- **TASK**: Note the line containing "3D Print Lion"; from it through the last line below, give only those lines again, exactly, both ends included, skipping pictures.

- **AVAILABLE DATA**:
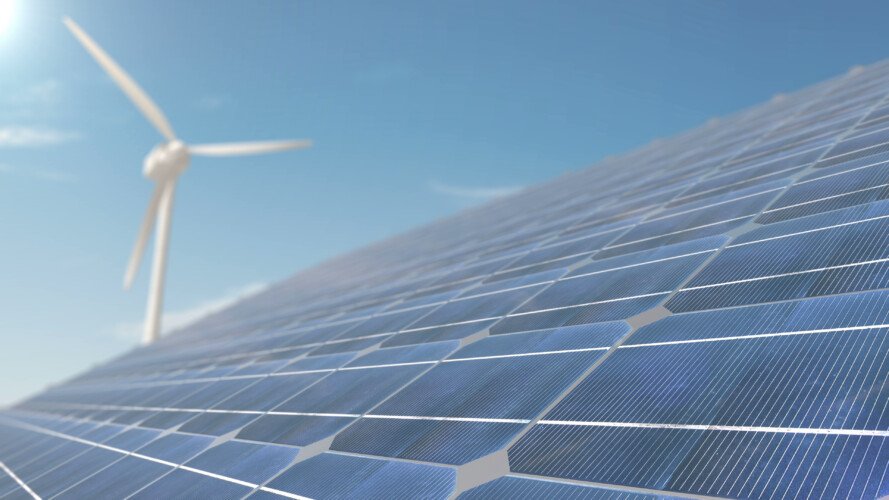 Seamless Looping Animation Of Wind Turbines Spinning And Solar Panel Cell Panel Array SBI  Scaled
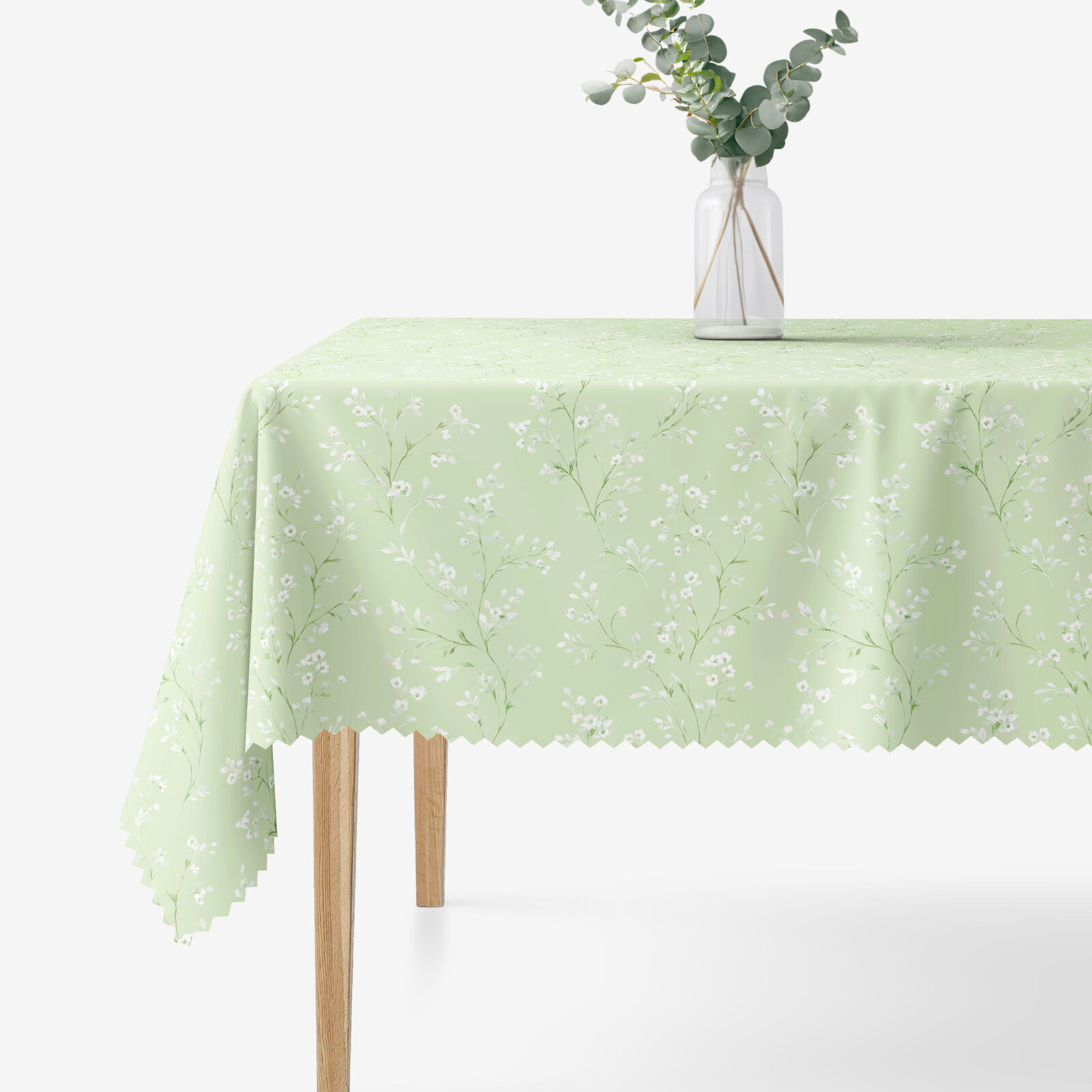 Hoekig teflon tafelkleed - Jasmijn bloemen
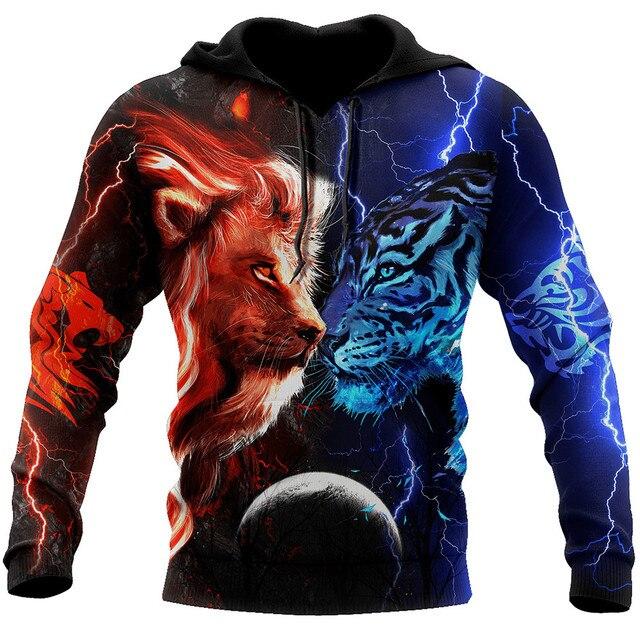 3D Print Lion Jesus Graphic Men's Hoodie Spring/Autumn Fashion Versatile Sweatshirt Male Oversized Harajuku Long Sleeve Pullover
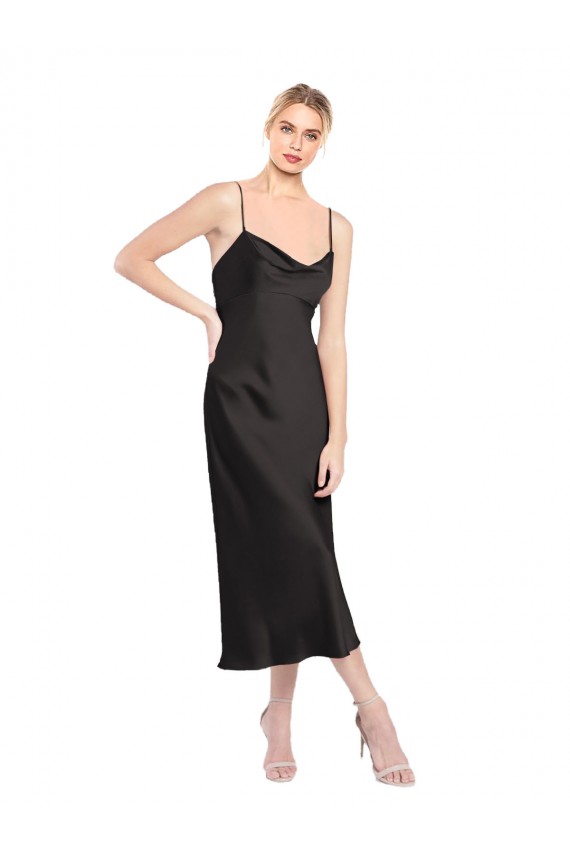Nero Linea A Sottili Cappuccio Midi Raso Elastico Corto Abiti da damigella donore / Abiti da sera / Abiti da cocktail Fabbrica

- **TASK OUTPUT**:
 3D Print Lion Jesus Graphic Men's Hoodie Spring/Autumn Fashion Versatile Sweatshirt Male Oversized Harajuku Long Sleeve Pullover
Nero Linea A Sottili Cappuccio Midi Raso Elastico Corto Abiti da damigella donore / Abiti da sera / Abiti da cocktail Fabbrica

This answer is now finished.